Récapitulons maintenant sous forme de
tableau :
Magnificat anima mea Dominum
: chœur
Et exsultavit spiritus meus
: soprano 2
Quia respexit humilitatem : soprano 1
Omnes generationes : chœur
Quia fecit mihi magna : basse
Et misericordia : alto et ténor
Fecit potentiam : chœur
Deposuit potentes : ténor
Esurientes implevit bonis : alto
Suscepit Israel : sopranos 1 et 2, alto
Sicut locotus est : chœur
Gloria Patri : chœur
Outre la cohérence émanant des rapports
texte/musique ou des exigences purement musicales dont nous avons déjà
parlé, nous constatons également une forte cohérence formelle dans
cette disposition des registres. En effet, le tout se divise en quatre
sections de trois parties égales (chœur, solo, solo), avec distribution
progressive de duo et trio (aux seconde et quatrième sections) pour
maximiser la variété, et dont la quatrième section inverse
la distribution chœur/soli par souci de symétrie globale.
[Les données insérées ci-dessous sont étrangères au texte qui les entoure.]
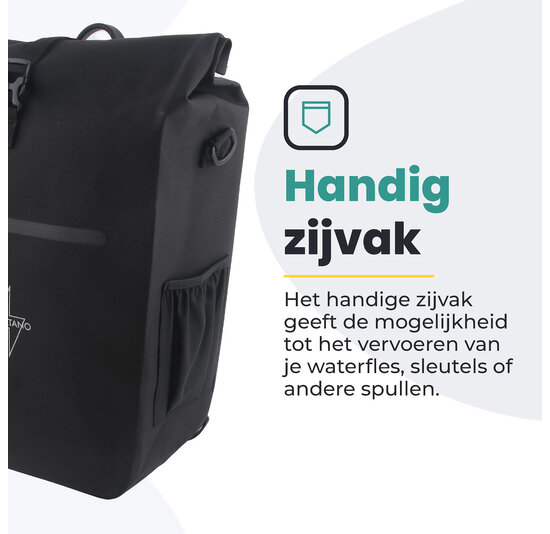 Voltano Luxe E-bike Fietstas 28L - Zwart - Pakaftas Met Laptop vak - 100% Waterdicht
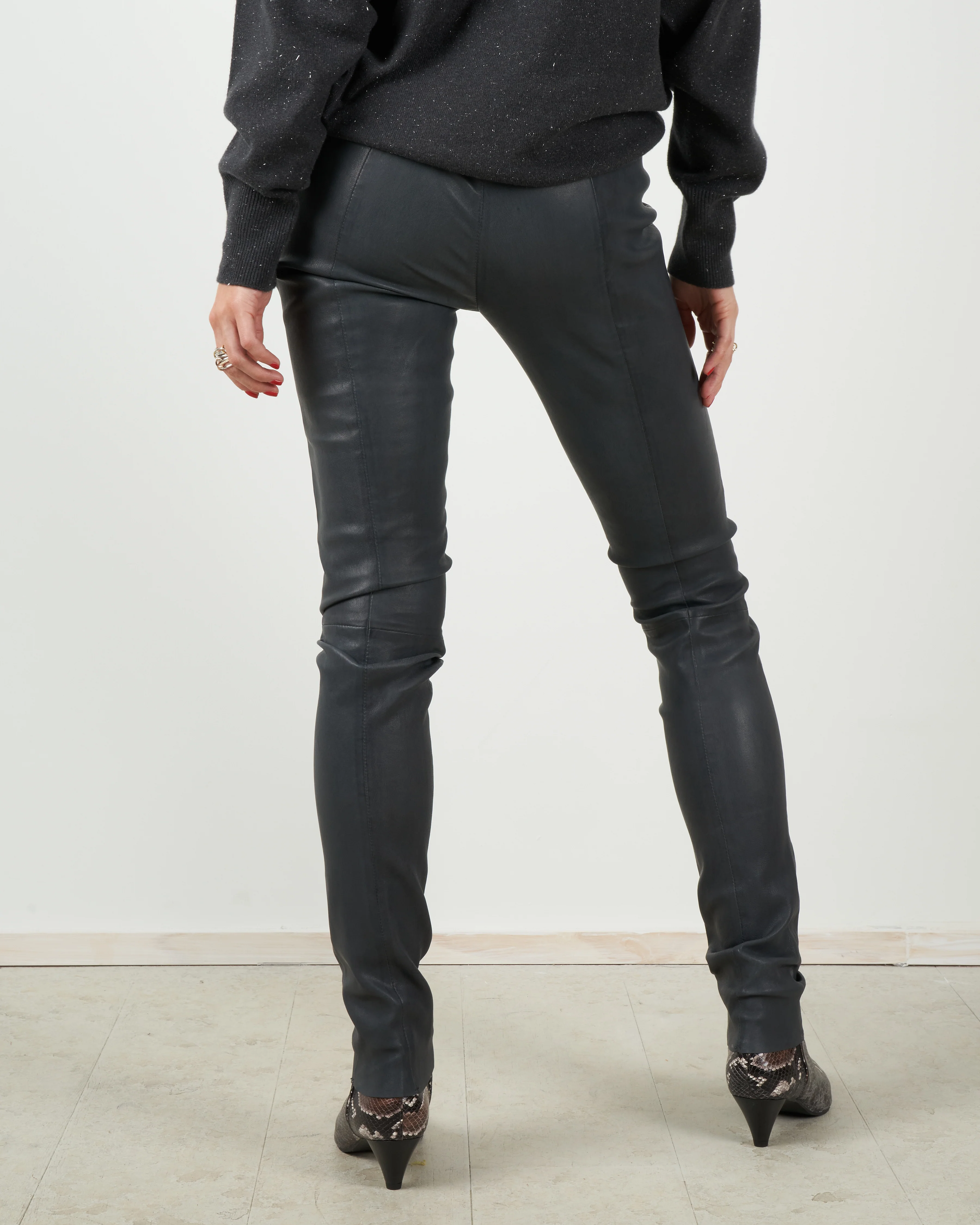 stretch leather legging - dark grey - Image 3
Cette symétrie
se renforce d’ailleurs par un Gloria Patri reprenant le matériau
thématique du Magnificat introductif. Certains analystes préfèrent
subdiviser le tout en trois parties asymétriques commençant par un
solo et se terminant par un commentaire choral (avec ajout à la forme
globale de chœurs introductif et conclusif), et le lien essentiel entre
Quia respexit humilitatem et Omnes generationes leur fournit
effectivement un puissant argument. D’un autre côté, notre subdivision,
en plus de ses qualités de symétrie, relie entre elles un plus grand
nombre de parties complémentaires du texte : les deux premières (exaltation
de l’âme) et celles des troisième (puissance divine) et quatrième
(rappels bibliques) sections complètes.